Limbacher: Wir können in unseremLabor am Standort Waldenburg Explosionsprüfungen nach der Ex d-Norm durchzuführen. Soviel ich weiß, sind wir der einzige Hersteller der diese Prüfmöglichkeiten hat. So waren wir in der Lage, bis zu einer Gehäusegröße von ca. 200 Liter poröse Materialen auf ihre Eigenschaften bzw. ihr Verhalten bei Gasexplosionen zu prüfen. Auf Basis dieser Prüfungen und unserer langjährigen Erfahrungen im Bereich der Entwicklung von druckfesten Gehäusen, war es uns möglich, wichtige Erkenntnisse zu erarbeiten und Designregeln abzuleiten. Der enge und ständige Informationsaustausch mit der Ernst-Abbe-Hochschule Jena im Rahmen unserer Forschungskooperation, war hierbei für uns immer wichtig, interessant und inspirierend.
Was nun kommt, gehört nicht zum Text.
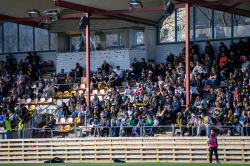 Publikbilder. AIK-Sirius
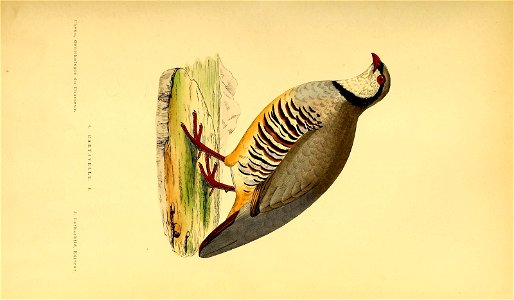 n62_w1150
Gab es auch Rückschläge bei der Entwicklung?

Schmitt: Klar gab es die - Rückschläge gibt es immer. Aber vom Sport lässt sich ableiten: Gewinner stehen da wieder auf, wo die Verlierer auf der Strecke bleiben. Denn Goldmedaillen sind eigentlich nicht aus Gold, sondern aus Schweiß, Entschlossenheit und der seltenen Legierung Mumm geprägt. So und nicht anders sind wir nach einem Rückschlag erneut ans Werk, um neue Lösungswege zu finden. Motiviert und mit dem Ziel vor Augen, wurden Abschätzungen, Analysen, Simulationen und Modellbetrachtungen immer wieder aufs Neue erstellt und in Frage gestellt. Dass wir damit erfolgreich waren zeigt zu guter Letzt, dass bei der Entwicklung von EXpressure mehr als 20 neue Patentideen entstanden bzw. angemeldet sind.